Du 3 au 9 août, 1 528 cas suspects et 29 décès ont été déclarés. Ces notifications provenaient de 70 zones de santé, réparties dans 16 provinces sur 26. Le Sud-Kivu comptait 421 cas. Le Nord-Kivu en totalisait 382.
Ces deux provinces représentaient 52,55 % des cas signalés pendant cette semaine. La transmission du choléra en RDC restait aussi active dans quatre provinces. Il s’agissait du Kwango, du Maï-Ndombe, du Sud-Ubangi et de l’Équateur.
L’inquiétude porte surtout sur les provinces sans foyer habituel. Durant les quatre semaines précédentes, la létalité y atteignait 8,05 %. Elle se limitait à 1,31 % dans les provinces où le choléra circule depuis longtemps.
L’écart dépasse six fois le niveau observé dans les foyers connus. Il suggère des retards dans le dépistage, l’orientation des malades et les soins, selon l’OMS.
Le risque augmente à l’approche des pluies. Plusieurs provinces manquent de soluté de Ringer lactate et de tests rapides. Des unités disposent aussi de trop peu de lits ou de circuits adaptés.
À Lubumbashi, le centre de traitement de Kenya doit composer avec un bâtiment dégradé. Dans les zones isolées, les routes, le réseau téléphonique et le transport médical ralentissent encore la réponse.
Médecins sans frontières confirme la pression sur les services. L’organisation indique avoir soigné plus de 2 410 patients dans ses structures soutenues. Elle intervient notamment à Bukavu, Shabunda et Goma.
Le conflit ajoute une difficulté majeure. Les déplacements coupent l’accès à l’eau, aux centres de santé et aux campagnes de vaccination. Des établissements manquent de personnel, de médicaments et d’équipements.
MSF signale aussi 108 643 cas suspects de rougeole. Le bilan comprend 1 394 décès entre janvier et le 19 juillet. Près de 50 827 cas se concentraient au Nord-Kivu et au Sud-Kivu. Le paludisme, le mpox et les blessures de guerre pèsent également sur les équipes.
Dans plusieurs secteurs, des centaines de milliers de personnes n’ont plus accès régulièrement aux soins. La concentration des moyens sur Ebola pourrait alors laisser d’autres maladies progresser.

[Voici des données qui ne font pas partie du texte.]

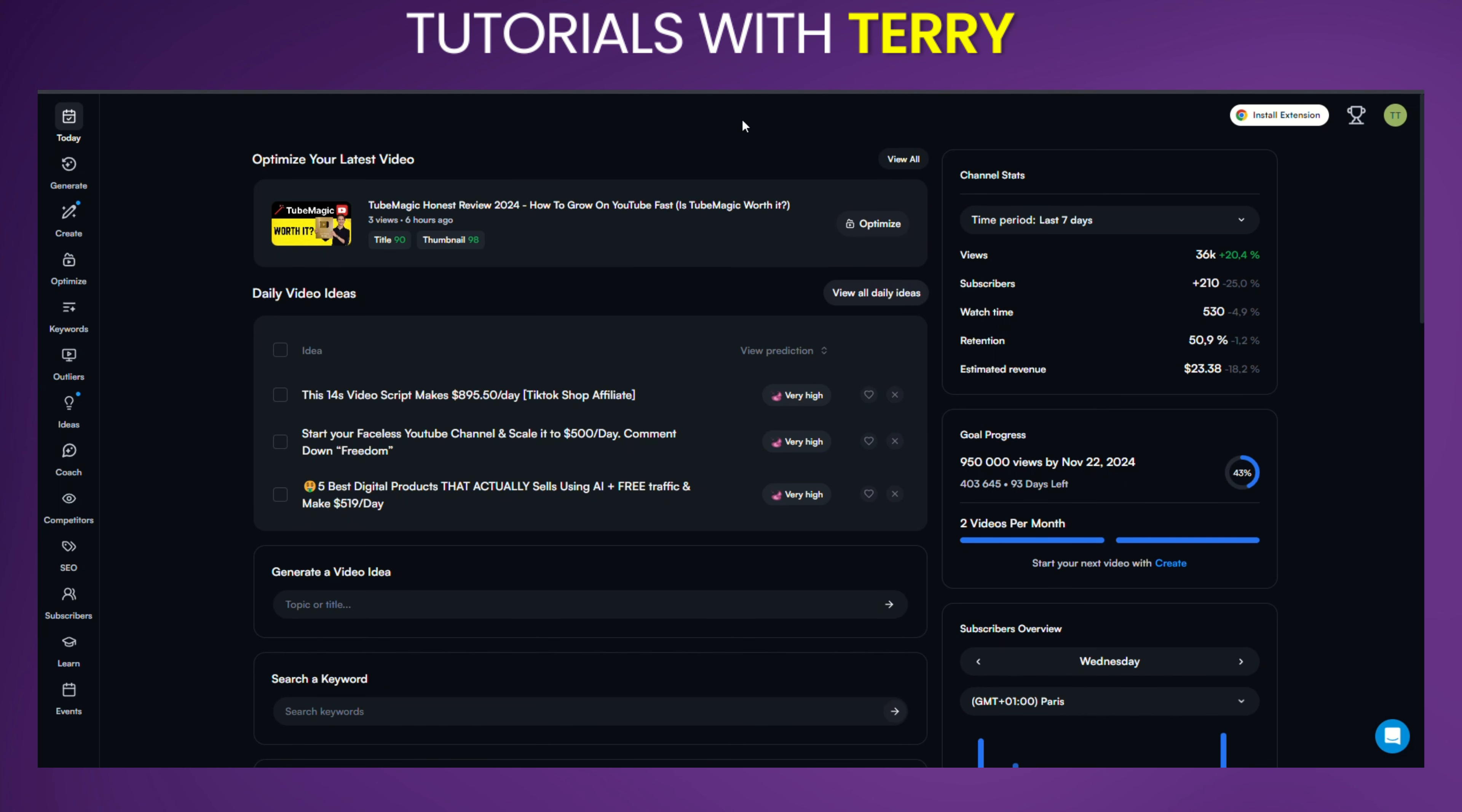Okay, in this video I will show you how to see outliers with vidIQ. First, make sure you have the vidIQ browser extension installed and that you're logged into your vidIQ account that's linked to your YouTube channel.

L’OMS recommande une réponse coordonnée contre le choléra, le mpox et la fièvre typhoïde. Elle demande aussi des stocks, des centres fonctionnels et une surveillance renforcée.
La crise montre ainsi une urgence sans frontière entre les maladies. L’eau, les soins et la sécurité fragiles entretiennent la menace du choléra en RDC.